More numbers from today's Washington Post/ABC News poll show Barack Obama at Reaganesque levels of popularity one month into his first term:
...68 percent of Americans approve of Obama's job performance to date, not atypical for an incoming president (it precisely matches Ronald Reagan's first-month rating, and trails George H.W. Bush's) but a striking counterpoint to George W. Bush's departing 33 percent approval last month. Bush hadn't seen a 68 in five and a half years.
This statistic on the relative levels of confidence respondents have in the President's ability to handle the economy vs. that of congressional Republicans is remarkable:
...Obama clearly holds the upper hand, both in overall approval and on the dominant issue of the day. He leads the Republicans in Congress by 61-26 percent in trust to handle the economy, the biggest such lead for a president in ABC News/Washington Post polls since late 1991. (Bill Clinton came close at the start of his first term.)

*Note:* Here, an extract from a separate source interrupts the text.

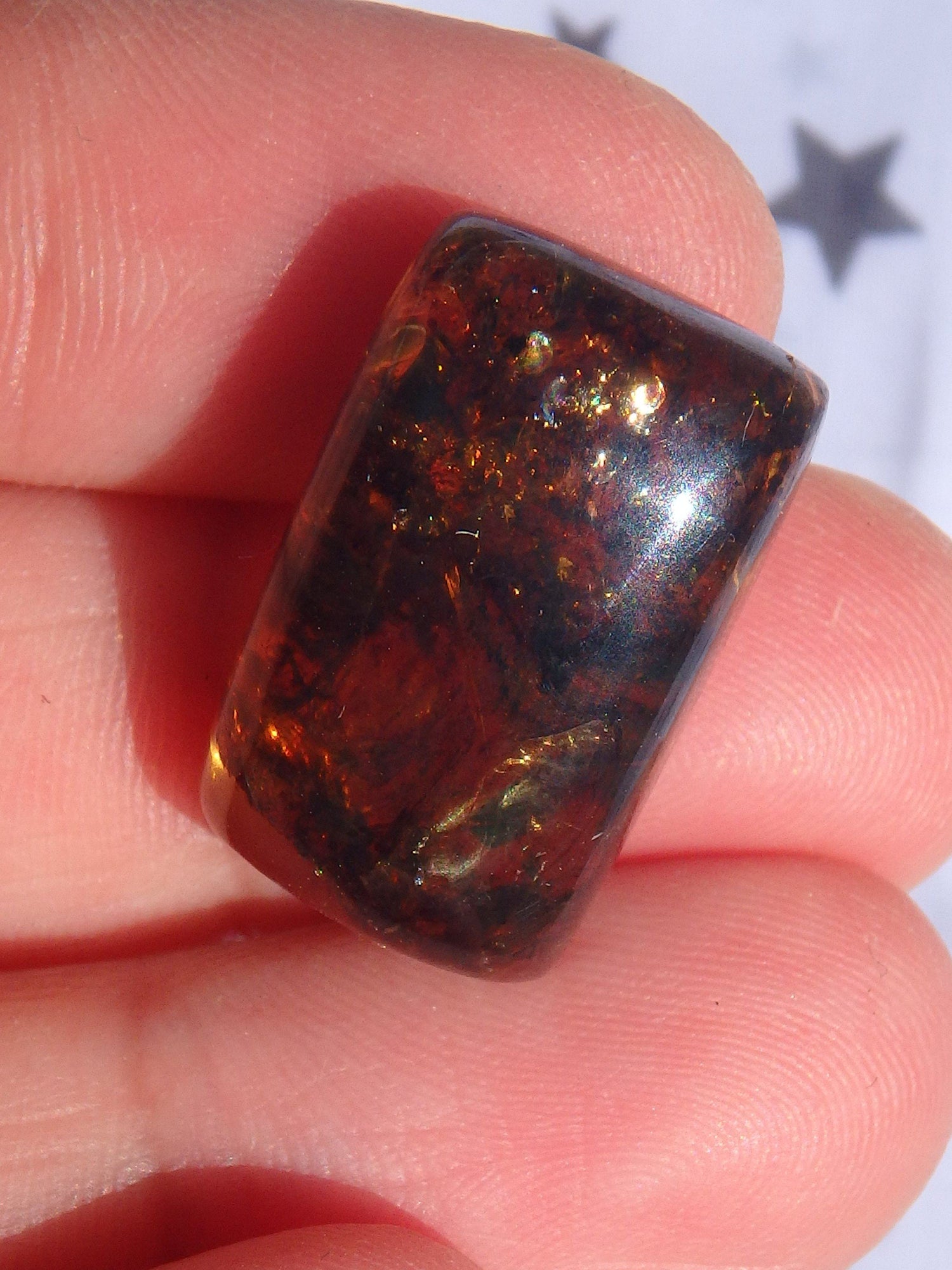  Beautiful Golden Amber Cabochon From Mexico~Ideal For Jewellery Making 4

But I think it's this result that I find most satisfying and how I know he's doing something right:
Partisanship, though, seems inescapable: Obama's approval rating, 90 percent among Democrats, dives to 37 percent among Republicans - a rating equally as partisan (in the other direction) as Bush's initial approval after the disputed election of 2000.
ABC News predictably couches this in terms of "Obama's failed attempts at a post-partisan presidency." This laserbeam focus on a non-story, however, misses the substantive reasons that Democrats would support Obama's initiatives and Republicans would oppose them: they're progressive. Has Obama's fetishization of bipartisanship been the shiny object meant to distract the media from covering what in reality is a truly progressive agenda?